Finally, the Obama administration is having the IRS address an issue that other Presidential administrations have ignored. Ignoring this law has caused many Americans to pay more taxes than is legally required.
The main tax issues are:
1. Since a foreign plan is not a qualified plan, does the employee recognize U.S. taxable income on the amounts paid into the foreign retirement plan? Usually, the local law exempts the income from taxation in by the foreign country.
2. When the foreign plan makes payments to the retired US taxpayer, are they taxable? If the U.S. taxpayer was taxable when the plan was funded (which may be in a closed tax year), is he/she taxable now? I think there is no tax now. I look forward to your comments.
The IRS announcement is below in blue.
WASHINGTON — The Internal Revenue Service today announced a plan to help U.S. citizens residing overseas, including dual citizens, catch up with tax filing obligations and provide assistance for people with foreign retirement plan issues.
“Today we are announcing a series of common-sense steps to help U.S. citizens abroad get current with their tax obligations and resolve pension issues,” said IRS Commissioner Doug Shulman.
Shulman announced the IRS will provide a new option to help some U.S. citizens and others residing abroad who haven’t been filing tax returns and provide them a chance to catch up with their tax filing obligations if they owe little or no back taxes. The new procedure will go into effect on Sept. 1, 2012.

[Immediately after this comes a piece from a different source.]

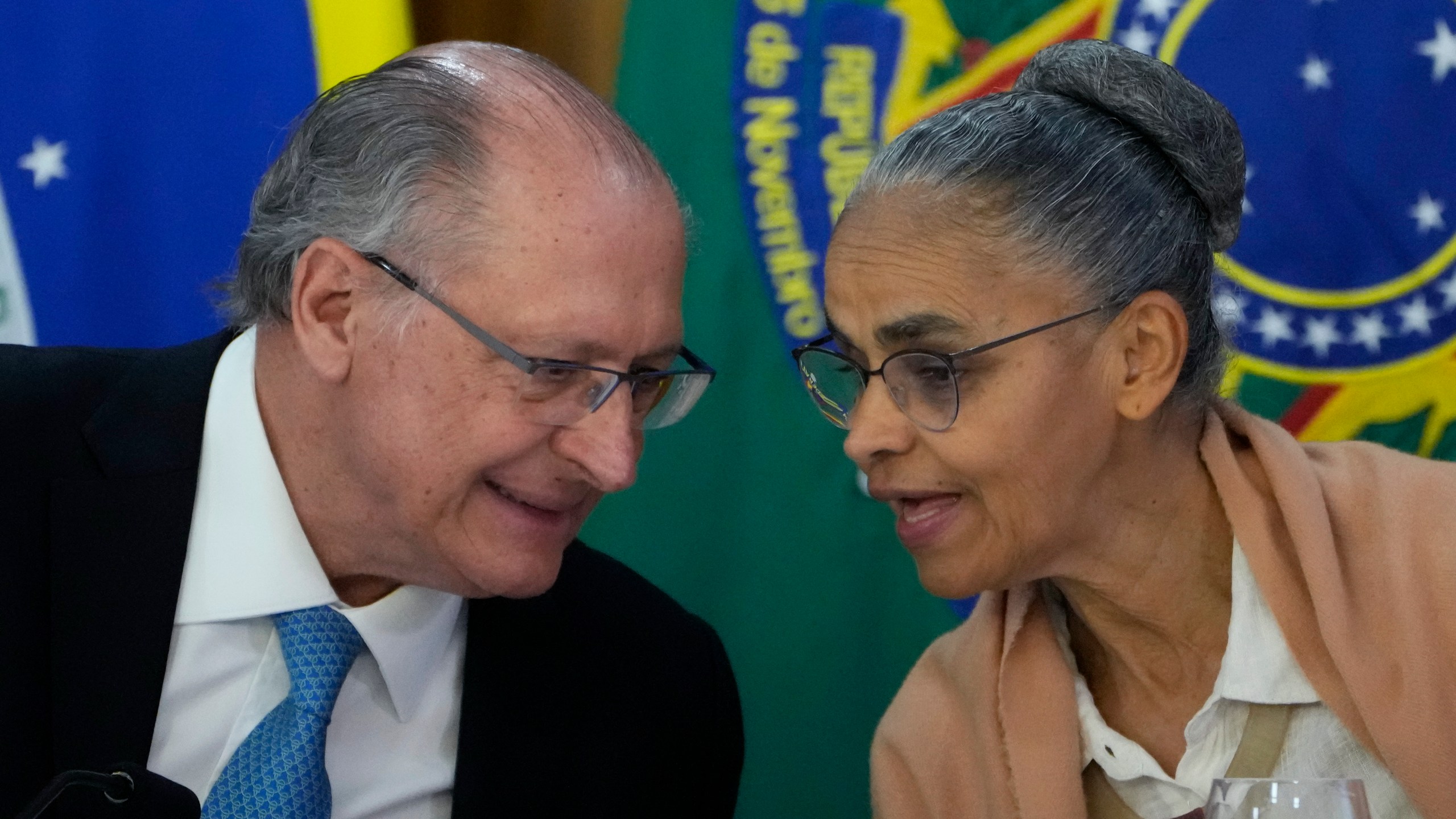 Brazil's Environment Minister Marina Silva, right, chats with Vice President Geraldo Alckmin during the announcement of a plan to combat fires and deforestation in the Amazon and the Brazilian Cerrado, at Planalto presidential palace in Brasilia, Brazil, Wednesday, Nov. 6, 2024. (AP Photo/Eraldo Peres)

The IRS is aware that some U.S. taxpayers living abroad have failed to timely file U.S. federal income tax returns or Reports of Foreign Bank and Financial Accounts (FBARs). Some of these taxpayers have recently become aware of their filing requirements and want to comply with the law. (author note, I doubt that an FBAR was required. Most plans are not vested until retirement).
To help these taxpayers, the IRS offered the new procedures that will allow taxpayers who are low compliance risks to get current with their tax requirements without facing penalties or additional enforcement action. These people generally will have simple tax returns and owe $1,500 or less in tax for any of the covered years.
The IRS also announced that the new procedures will allow resolution of certain issues related to certain foreign retirement plans (such as Canadian Registered Retirement Savings Plans). In some circumstances, tax treaties allow for income deferral under U.S. tax law, but only if an election is made on a timely basis. The streamlined procedures will be made available to resolve low compliance risk situations even though this election was not made on a timely basis.
Taxpayers using the new procedures announced today will be required to file delinquent tax returns along with appropriate related information returns for the past three years, and to file delinquent FBARs for the past six years. Submissions from taxpayers that present higher compliance risk will be subject to a more thorough review and potentially subject to an audit, which could cover more than three tax years.
The IRS also announced its offshore voluntary disclosure programs have exceeded the $5 billion mark, released new details regarding the voluntary disclosure program announced in January and closed a loophole used by some U.S. citizens. See IR-2012-64 for more details. -Author Note.. this is great since it will help offset the $10 billion the IRS has lost to gangs filling false claims for refunds.. paid instantly to their debit cards.